━━━━━ Record set ━━━━━
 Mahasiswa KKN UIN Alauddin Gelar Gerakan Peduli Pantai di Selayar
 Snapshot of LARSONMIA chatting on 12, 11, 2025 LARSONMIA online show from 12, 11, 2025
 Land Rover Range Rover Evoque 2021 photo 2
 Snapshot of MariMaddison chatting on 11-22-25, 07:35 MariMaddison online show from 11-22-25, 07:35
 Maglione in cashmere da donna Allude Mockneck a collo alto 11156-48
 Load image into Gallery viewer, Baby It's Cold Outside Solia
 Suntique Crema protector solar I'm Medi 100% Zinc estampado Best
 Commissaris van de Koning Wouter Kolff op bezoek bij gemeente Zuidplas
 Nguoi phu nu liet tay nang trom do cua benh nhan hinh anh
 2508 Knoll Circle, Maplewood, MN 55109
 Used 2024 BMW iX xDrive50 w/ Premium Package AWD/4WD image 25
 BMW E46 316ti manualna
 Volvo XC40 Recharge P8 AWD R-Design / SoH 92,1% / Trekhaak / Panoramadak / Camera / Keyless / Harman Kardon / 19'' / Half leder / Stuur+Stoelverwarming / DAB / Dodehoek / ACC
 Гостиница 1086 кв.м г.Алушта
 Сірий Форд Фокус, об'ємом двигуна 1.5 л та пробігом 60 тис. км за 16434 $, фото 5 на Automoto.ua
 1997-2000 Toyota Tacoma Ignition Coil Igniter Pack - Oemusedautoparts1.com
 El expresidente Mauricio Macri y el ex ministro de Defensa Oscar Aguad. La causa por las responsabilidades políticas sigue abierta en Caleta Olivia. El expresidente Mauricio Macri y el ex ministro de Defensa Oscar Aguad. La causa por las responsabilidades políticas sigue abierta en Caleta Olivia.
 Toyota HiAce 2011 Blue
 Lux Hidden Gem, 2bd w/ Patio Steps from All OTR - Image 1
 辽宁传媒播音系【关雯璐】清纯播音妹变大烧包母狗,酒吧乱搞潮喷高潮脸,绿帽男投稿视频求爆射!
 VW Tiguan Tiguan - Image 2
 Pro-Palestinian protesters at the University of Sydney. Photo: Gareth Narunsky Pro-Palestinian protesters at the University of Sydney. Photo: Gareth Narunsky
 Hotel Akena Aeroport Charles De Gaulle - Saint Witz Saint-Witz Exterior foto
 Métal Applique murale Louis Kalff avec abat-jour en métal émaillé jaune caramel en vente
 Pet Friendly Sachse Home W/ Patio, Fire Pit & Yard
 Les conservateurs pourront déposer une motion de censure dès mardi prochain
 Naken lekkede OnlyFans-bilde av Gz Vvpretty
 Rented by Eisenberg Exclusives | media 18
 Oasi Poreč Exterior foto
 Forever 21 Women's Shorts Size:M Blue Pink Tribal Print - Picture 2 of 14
━━━━━
Give every record again, exactly as it appears.

Written reply>
 Mahasiswa KKN UIN Alauddin Gelar Gerakan Peduli Pantai di Selayar
 Snapshot of LARSONMIA chatting on 12, 11, 2025 LARSONMIA online show from 12, 11, 2025
 Land Rover Range Rover Evoque 2021 photo 2
 Snapshot of MariMaddison chatting on 11-22-25, 07:35 MariMaddison online show from 11-22-25, 07:35
 Maglione in cashmere da donna Allude Mockneck a collo alto 11156-48
 Load image into Gallery viewer, Baby It's Cold Outside Solia
 Suntique Crema protector solar I'm Medi 100% Zinc estampado Best
 Commissaris van de Koning Wouter Kolff op bezoek bij gemeente Zuidplas
 Nguoi phu nu liet tay nang trom do cua benh nhan hinh anh
 2508 Knoll Circle, Maplewood, MN 55109
 Used 2024 BMW iX xDrive50 w/ Premium Package AWD/4WD image 25
 BMW E46 316ti manualna
 Volvo XC40 Recharge P8 AWD R-Design / SoH 92,1% / Trekhaak / Panoramadak / Camera / Keyless / Harman Kardon / 19'' / Half leder / Stuur+Stoelverwarming / DAB / Dodehoek / ACC
 Гостиница 1086 кв.м г.Алушта
 Сірий Форд Фокус, об'ємом двигуна 1.5 л та пробігом 60 тис. км за 16434 $, фото 5 на Automoto.ua
 1997-2000 Toyota Tacoma Ignition Coil Igniter Pack - Oemusedautoparts1.com
 El expresidente Mauricio Macri y el ex ministro de Defensa Oscar Aguad. La causa por las responsabilidades políticas sigue abierta en Caleta Olivia. El expresidente Mauricio Macri y el ex ministro de Defensa Oscar Aguad. La causa por las responsabilidades políticas sigue abierta en Caleta Olivia.
 Toyota HiAce 2011 Blue
 Lux Hidden Gem, 2bd w/ Patio Steps from All OTR - Image 1
 辽宁传媒播音系【关雯璐】清纯播音妹变大烧包母狗,酒吧乱搞潮喷高潮脸,绿帽男投稿视频求爆射!
 VW Tiguan Tiguan - Image 2
 Pro-Palestinian protesters at the University of Sydney. Photo: Gareth Narunsky Pro-Palestinian protesters at the University of Sydney. Photo: Gareth Narunsky
 Hotel Akena Aeroport Charles De Gaulle - Saint Witz Saint-Witz Exterior foto
 Métal Applique murale Louis Kalff avec abat-jour en métal émaillé jaune caramel en vente
 Pet Friendly Sachse Home W/ Patio, Fire Pit & Yard
 Les conservateurs pourront déposer une motion de censure dès mardi prochain
 Naken lekkede OnlyFans-bilde av Gz Vvpretty
 Rented by Eisenberg Exclusives | media 18
 Oasi Poreč Exterior foto
 Forever 21 Women's Shorts Size:M Blue Pink Tribal Print - Picture 2 of 14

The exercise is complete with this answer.